To make full use of the limited mineral resources, properly disposing of the solid waste generated in the production processes in metal and non-metal mines can avoid subsequent environmental pollution and achieve safe production of mineral deposits. As an important means of preventing and managing the potential risks of environmental pollution in mines, the current filling mining technique has become one of the main techniques used in various mines (Deng et al., 2014). In the mining of deep mineral resources, in the face of more complex rock mechanics conditions, underground mining can encounter many unknown difficulties. Thus, it is essential to improve goaf filling and its maintenance in order to create a safe working environment for daily production (Cai and Brown, 2017). Among various mining methods, the filling method combines the output of coal gangue or tailings with the formation of the goaf, creating a circular relationship between the supply and demand. The feedback is to provide enterprises with a positive state of environmental safety and efficient ore recovery (Lu and Fall, 2018). In view of the many advantages of backfill mining, the related research has gradually received extensive attention (for both metal and non-metal mines), and scientific research on the properties of various materials and engineering conditions is making positive progress (Sun and Ren, 2012). The Huashugou copper mine in the Jingtieshan mining area of the Jiuquan Iron and Steel Group in Gansu Province is a high mountain area located in the western part of the North Qilian Mountains, with an altitude of 2,700–3,200 m, a relative elevation difference of about 500 m, and an average slope of 48°. To better recover the copper resources, filling mining was implemented in the Huashugou copper mine to mine the ore body in order to achieve the purpose of timely backfilling of the goaf and reducing the tailings discharge (Liang et al., 2013; Wang, 2013; Ran et al., 2014). From the perspective of environmental protection and comprehensive utilization of minerals, the application of this approach has played a positive role in the sustainable development of mines.
Materials and Methods
Tailings
The experiments used tailings as the aggregate of the filling materials. The tailings were obtained from the copper concentrator plant (with an annual copper ore processing capacity of 300,000 t) of the Jingtieshan iron mine. In order to easily obtain the typical tailing samples on site, the tailing mortar was discharged into several 75 L plastic buckets with DN50 plastic pipes at different time intervals during the normal operation of the mine’s concentrator for 3–5 days. After filling the plastic buckets with low concentrations of tailing mortar, the plastic buckets were gradually tilted after a period of natural sedimentation (until the tailing particles no longer moved and settled) to allow the water in the upper part of the buckets to flow out slowly. To make the sampled tailings more representative, the operation of this process needs to be stable and orderly to avoid the loss of fine particle tailings. The tailings in each plastic bucket were collected and bagged in three layers of woven bags with inner bile. After completing the sample collection, all of the samples were transported by car to the laboratory in Changsha. In preparation for the experiments, all of the samples were oven-dried, sun-dried, and evenly mixed. Before test, the tailing was naturally dried in the laboratory, as shown in Figure 1.

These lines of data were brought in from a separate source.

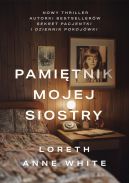 Okadka ksizki - Pamitnik mojej siostry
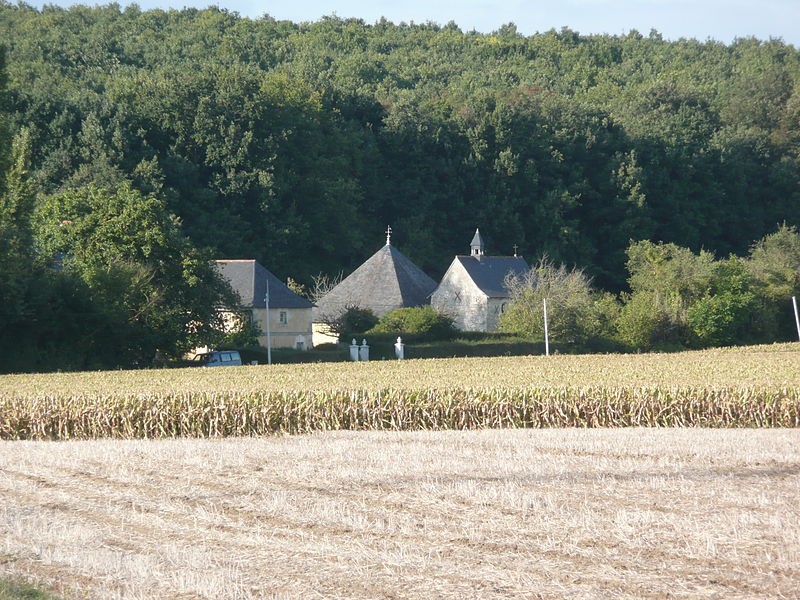 Photo de Logis de la Bluttière à Charcé-Saint-Ellier-sur-Aubance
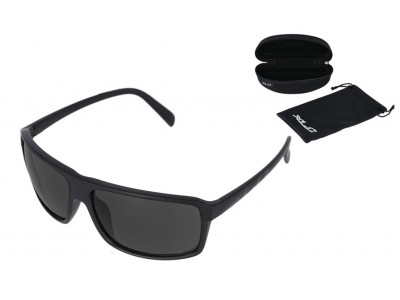 XLC Phoenix cycling goggles black rims / mirror glasses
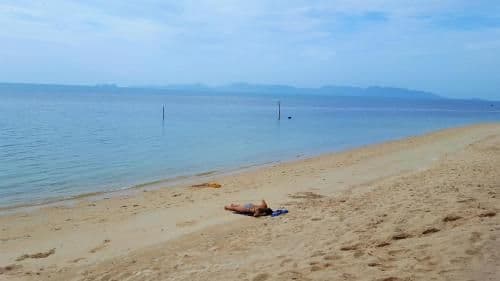 Bungalow - Beach Front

To ensure that the test results were representative, the sun-dried tailings used for the physical and chemical properties test were sampled using the quartile method. The physical properties of the tailings have a great impact on the performance of the filling materials. After several multi-point sampling measurements, representative data were obtained. The measurement results for the commonly used physical properties are presented in Table 1. The chemical composition of tailings is shown in Figure 2. After even mixing, the particle size distribution of the tailings was measured using a Malvern 2000 laser particle size analyzer. The particle size distribution is presented in Figure3.

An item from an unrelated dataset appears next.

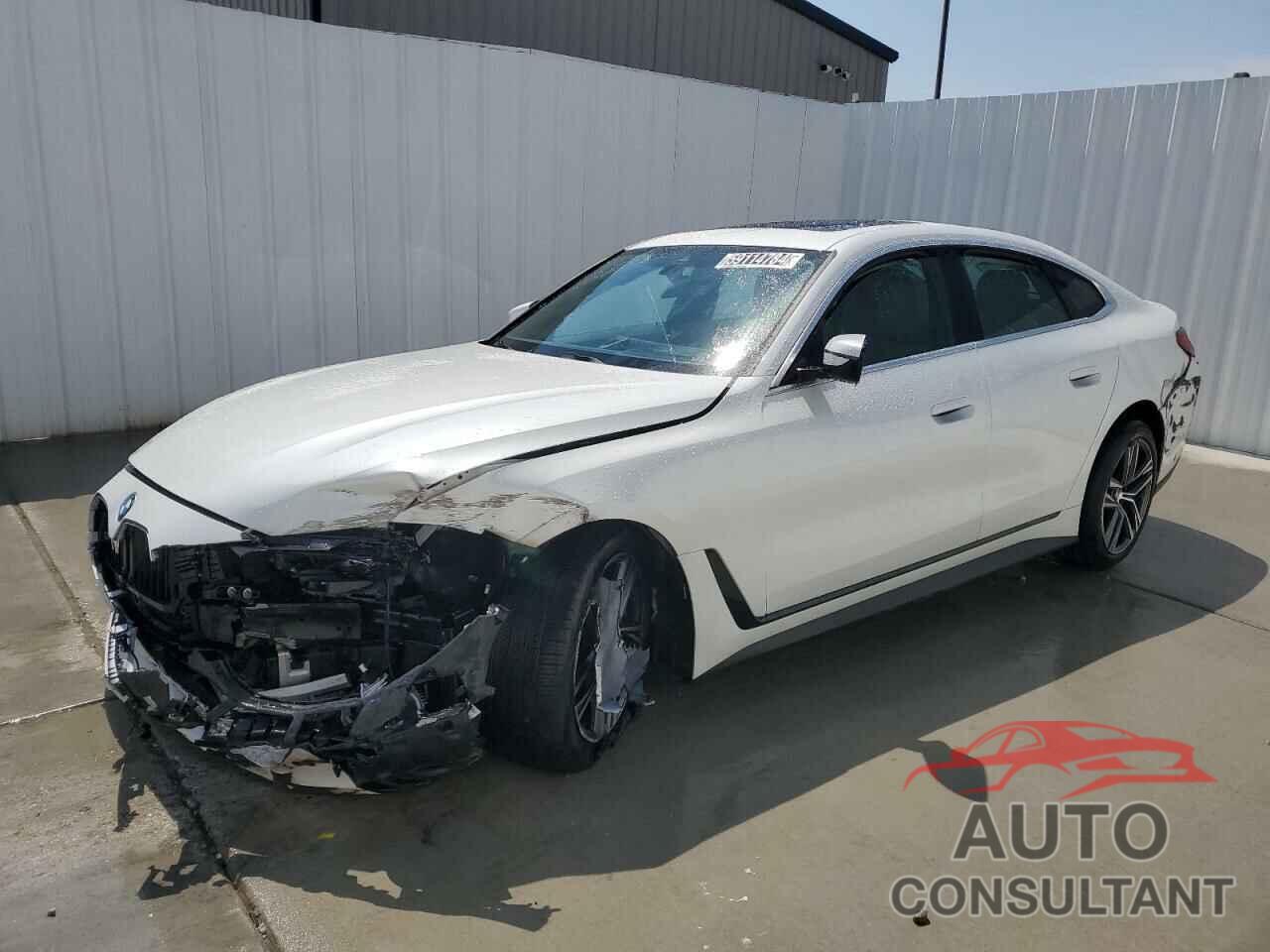 BMW 4 SERIES 2024 - WBA63AV01RFR54490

Combined with the on-site filling process, because the concentration of tailing delivered from the copper concentrator plant to the filling station is about 40%, so in this paper the tailings were mixed with an appropriate amount of water to prepare a tailing mortar with a concentration of 40%. The natural sedimentation parameters of the tailing mortar were measured. For more close to the actual production situation, the changes in the final concentration and bulk density of the tailings mortar after 24 h of natural sedimentation are displayed in Figure 4. As shown in Figure 4A, the sedimentation concentration of tailings with initial concentration of 40% increase with time. The concentration is linear with sedimentation time from 1 to 600 s. The settling velocity of the tailing mortar is obviously accelerated, the trend of settling curve becomes steeper, inflection point of rise appears, and the settling concentration increases greatly from 600 to 1150 s. After 1,150 s, the settlement velocity slows down and reaches the final settlement state. The settlement concentration is close to 67.7% after 24 h. As can be seen from the curve in Figure 4B, the settlement bulk density basically follows the same variation trend as the settlement concentration. Similarly, after 24 h of natural settlement, the settlement bulk density is 1.951 g/cm3.
Cement
In the proportioning test, we used cement as the filling and cementing material. The cement named as Gobi P.S.A 42.5 Portland slag cement was produced by the Hongda Building Materials Co., Ltd., JISCO Group. After sampling the standard packaged cement, a series of laboratory tests was conducted to determine the properties of the cement, (e.g., density, loose bulk density, compacted bulk density, and angle of repose of natural accumulation). Then, the maximum and minimum porosities were calculated. The chemical composition of cement is shown in Figure 5. Through testing and data analysis, the basic physical properties of the cement were obtained (Table 2).
Tailings Water
The water used to make the cemented filling test blocks was the tailing water discharged from the Jingtieshan Copper Mine Concentrator. After the basic performance index tests, the density of the tailings water after beneficiation is basically 1 g/cm3, the pH value is about 6.9. The water was neutral, and the water temperature during the test was 18–22°C. The collection of tailing water is shown in Figure 6.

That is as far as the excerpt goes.